Clustering

In bmmltools.operations.clustering all the clustering related methods are collected.

Clusterer

Clusterer is the generic methods which can be used to apply some clustering algorithm available in scikit-learn (see here) to some dataset present on a trace. Two pre-initialized clusterer are available:

Clusterer_KMean where the K-Mean clustering is used;
Clusterer_DBSCAN where the DBSCAN clustering is used.

Transfer function

Given an input array \(I = \lbrace i_l \rbrace_{l \in [0,1,\cdots,N-1]}\) with shape \((N,x)\), where \(N\) is the number of different data point in the input dataset while \(x\) is the number of features on which the clustering algorithm is applied, the layer outputs the sequence of labels \(\lbrace o[l] \rbrace_{l \in [0,1,\cdots,N]}\) where

\[o[l] = \mbox{CLU}(i_l)\]

where \(\mbox{CLU}\) is the chosen clustering algorithm.
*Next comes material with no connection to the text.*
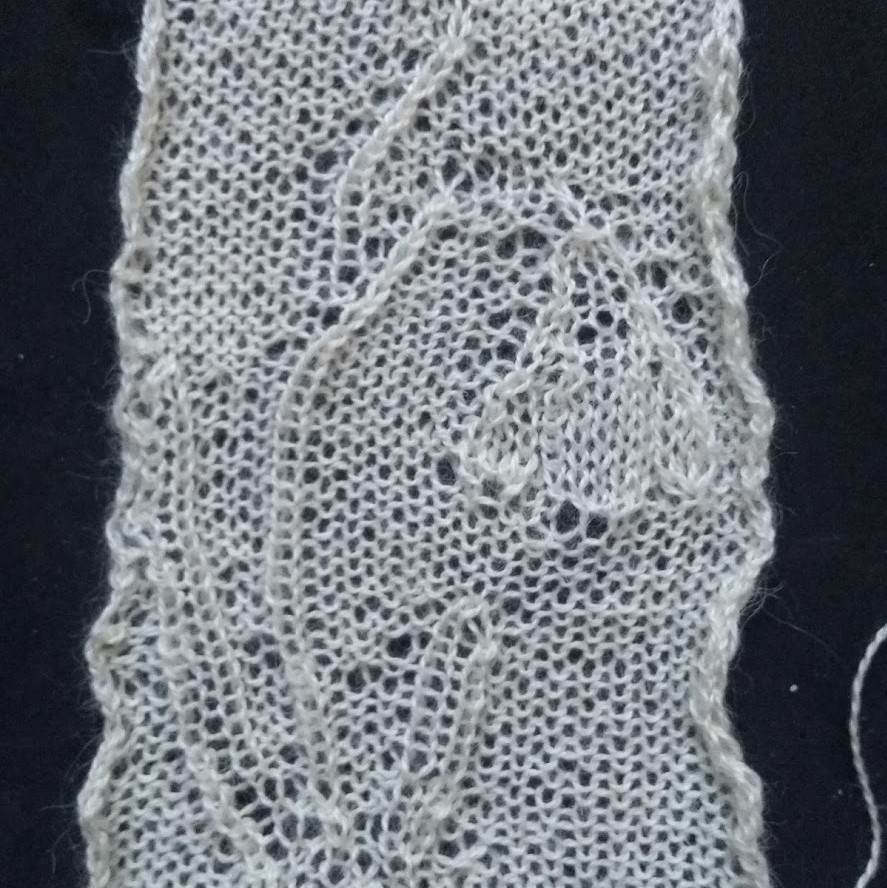 handknitted swatch of knitted lace showing snowdrop flower and leaves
Initialization and parameters

In the layer initialization one have to specify:

the trace on which the this operation act;
a clustering class among the scikit-learn clustering methods, or a scikit-learn compatible clustering class. This initialization parameter do not need to be specified when one uses Clusterer_KMean or Clusterer_DBSCAN.

The layer parameters of the apply() method are:

p: (dict) dictionary containing the initialization parameters of the clustering algorithm.

Inputs and outputs

The operation has the following inputs:

input 0

description: Input dataset on which the clustering is performed.

data type: numpy array.

data shape: \((N,x)\), where \(N\) is the number of different data point in the input dataset while \(x\) is the number of features on which the clustering algorithm is applied.

input 1

description: Input dataframe where the 3d coordinate in the patch space of the features in the input 0 are stored.
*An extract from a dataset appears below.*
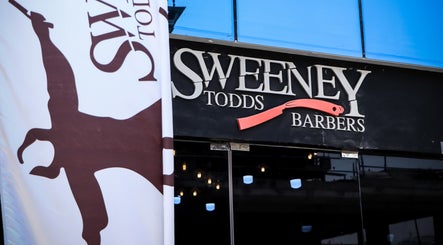 Sweeney Todds Barbers storefront in Arjan, Dubai, AE with unique signage and logo.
data type: pandas dataframe.

dataframe shape: \(N \times 3\), where \(N\) is the number of different data point contained in the array specified in the input 0.

columns names: Z, Y, X.

columns description: z/y/x coordinate in patch space of the features contained in the input 0. The correspondence between the three coordinates and the features has to be understood row-by-row, i.e. the i-th index of the dataframe row correspond to the i-th element along the 0 axis of the array specified in the input 0.
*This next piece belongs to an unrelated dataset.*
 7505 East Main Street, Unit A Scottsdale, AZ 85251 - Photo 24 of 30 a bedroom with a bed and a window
The operation has the following outputs:

output 0

description: dataset with the clustering result.

data type: pandas dataframe.

dataframe shape: \(N \times 4\), where \(N\) is the number of different data point contained in the array specified in the input 0.

column names: Z, Y, X, label.

column description: the first 3 columns are the z/y/x coordinate in patch space of the input feature, while in the label column the result of the clustering algorithm (i.e. the label associated to the clusters found) is stored.

Clusterer HDBSCAN

Clusterer_HDBSCAN is used to apply the HDBSCAN clustering algorithm (see here) to some dataset present on a trace.

Transfer function

Given an input array \(I = \lbrace i_l \rbrace_{l \in [0,1,\cdots,N-1]}\) with shape \((N,x)\), where \(N\) is the number of different data point in the input dataset while \(x\) is the number of features on which the clustering algorithm is applied, the layer outputs the sequence of labels \(\lbrace o[l] \rbrace_{l \in [0,1,\cdots,N]}\) where

\[o[l] = \mbox{argmax}(\mbox{softHDBSCAN}(i_l))\]

where \(\mbox{softHDBSCAN}\) is the HDBSCAN clustering algorithm used in soft clustering mode (i.e. assigning the each data point the probability to belong to each cluster rather than the cluster label itself). The cluster assigned to a given input \(i_l\) is the one with the highest probability.

Initialization and parameters

In the layer initialization one have to specify:

the trace on which the this operation act.

The layer parameters of the apply() method are:

p: (dict) dictionary containing the initialization parameters of the HDBSCAN clustering algorithm.
save_model: (bool) optional, if True the trained HDBSCAN clustering algorithm is saved using joblib.
trained_model_path: (str) optional, if not None the HDBSCAN algorithm is loaded from a joblib file. Therefore the algorithm is not trained but the loaded model is used instead (which is assumed already trained). Note that when this option is used it is not ensured that the clustering algorithm will work for any combination of initialization parameters used during the training.

Inputs and outputs

The operation has the following inputs:

input 0

description: Input dataset on which the clustering is performed.

data type: numpy array.

data shape: \((N,x)\), where \(N\) is the number of different data point in the input dataset while \(x\) is the number of features on which the clustering algorithm is applied.

input 1

description: Input dataframe where the 3d coordinate in the patch space of the features in the input 0 are stored.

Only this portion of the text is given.